Without a standard, developers create ad hoc directory structures (/src, /lib, /server, /apps) that fragment the codebase and break assumptions made by the build system, linters, and other tooling.

Decision

All projects must adhere to a standardized root-level folder structure. All project source code, whether for deployable applications or shared libraries, will be co-located under the /packages directory.

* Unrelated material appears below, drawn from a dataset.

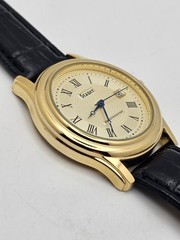 Stauer Metropolitan Men Analog Date Watch 40mm Goldtone Black Leather Full Kit🔥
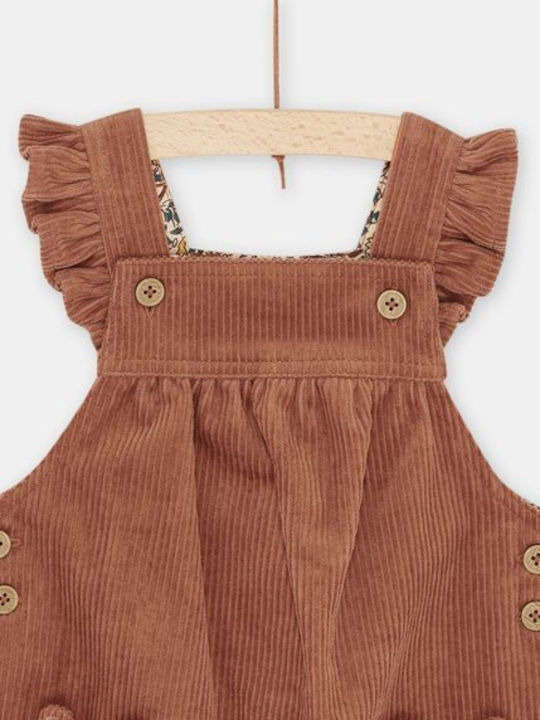 Dpam Girls Corduroy Dungaree Brown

  • /packages: Contains all project source code. Every deployable application, shared library, and data job lives here. Typical layout includes packages/frontend, packages/backend, packages/desktop, packages/datamodels/, packages/functions/, and packages/jobs/.
  • /.moon: Moonrepo workspace configuration, including shared task configurations, toolchain versions, and workspace definition.
  • /docs: Human-readable project documentation only (feature plans, analysis, specs). Not for governance records.
  • /scripts: Utility and automation scripts used by Moon tasks or developer tooling.
  • Root-level config: All workspace-wide configuration files (.oxlintrc.json, .prettierrc.json, tsconfig.json, bunfig.toml, .prototools) must reside at the repository root.

Do's and Don'ts

Do

  • Place all project code (applications, libraries, jobs) into a subdirectory under /packages.
  • Add a moon.yml file for every project, including the root (/moon.yml).
  • Define all toolchain versions in the root .prototools file.
  • Place all global configuration files in the repository root.
  • Place project narrative documentation (specs, analysis, plans) in the /docs directory.

Don't

  • Create any new top-level directories for source code (e.g., /src, /lib, /server, /apps). All project code must live within packages/.
  • Edit bun.lock manually. It is managed exclusively by bun install.
  • Add utility or automation scripts as standalone Moon projects. Place them in /scripts/ instead.
  • Commit IDE-specific files (like .idea/) to the repository.

Consequences

Positive

  • All project code lives under a single top-level /packages directory, simplifying glob patterns and developer navigation.
  • Moonrepo can automatically discover projects via wildcard-based globs.
  • Centralized configuration makes tooling easy to find and manage.
  • AI agents can predictably navigate the codebase due to the consistent structure.

Negative

  • The clear, top-level structural distinction between deployable "apps" and shareable "packages" is lost. Developers must rely on project naming or inspecting moon.yml files to understand a component's purpose.
  • Without apps/ and packages/ guardrails, there is a risk of projects being created with ambiguous purposes.